What makes Clinical VR so distinctively innovative is that it represents more than a simple linear extension of existing computer technology for human use. By way of VRs capacity to immerse a user within an interactive computer-generated simulation, new possibilities exist that can go beyond the simple automation of previous clinical assessment and intervention approaches. Nevertheless, in deciding as to whether Clinical VR is ready for primetime, one needs to consider what features VR offers that may make it especially suited for clinical and research usage.
On a very general level VR can be seen to foster core processes that are relevant across a variety of clinical domains. These processes can be briefly summarized as expose (e.g., exposure therapy for anxiety disorders, PTSD, or addiction treatment), distract (e.g., distracting attention away from painful medical procedures to reduce pain perception or promote discomfort reduction), motivate (e.g., motivating patients in cognitive/physical rehabilitation to perform repetitive and sometimes boring tasks by embedding them within game-like contexts), measure (e.g., measuring performance on physical/cognitive assessment activities), and engage (e.g., generally seen as the captivation of attention/action that is useful for engaging participation with clinical applications). To effectively drive these processes in a thoughtful fashion, it is helpful to be aware of the features and assets that are available for clinical use of VR technology. For those readers interested in a deeper analysis of these assets, they have been specifically detailed as they relate to the predecessor field of aviation simulation technology (Jentsch & Curtis, 2017), in neuropsychology (Rizzo et al., 2004), and generally for Clinical VR (Rizzo and Koenig, 2017).

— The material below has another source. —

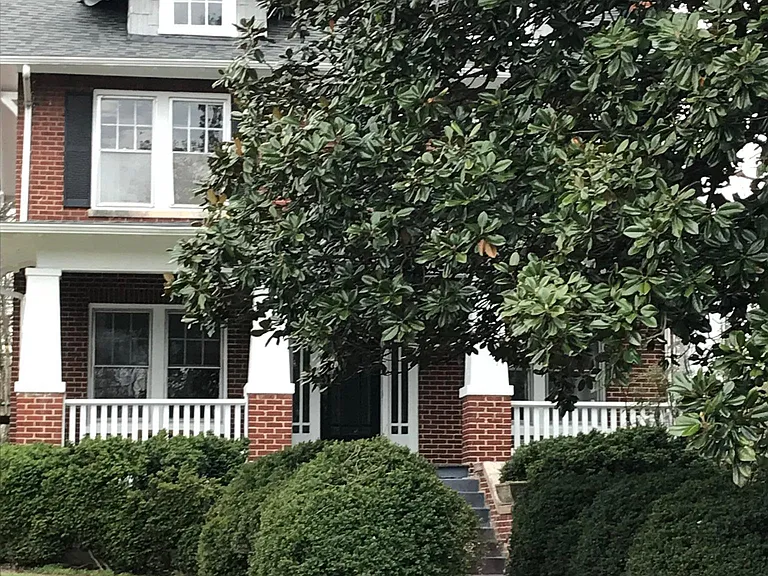 2132 Brandon Ave SW — Photo 1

There is no doubt that virtual reality application development is as much an art as it is a science. However, to create the next generation of useful and usable Clinical VR systems, developers need a solid grounding in the science of healthcare in addition to artistic inspiration. To address this question, my SXSW session will briefly review the trajectory of Clinical VR over the last 20 years, and summarize the assets that VR offers for creating clinical applications. I will discuss the issues in terms of the theoretical basis for VR relevant to specific clinical applications, the science to date in a variety of clinical use cases, the pragmatic factors regarding availability, usability, costs, and distribution of Clinical VR content/systems, and the ethical issues that need to be managed for the safe use of VR with clinical populations. A strong awareness of the theory, research, pragmatics, and ethics relating to the development and implementation of Clinical VR systems will increase the likelihood that Healthcare will be the seedbed of many pro-social killer apps!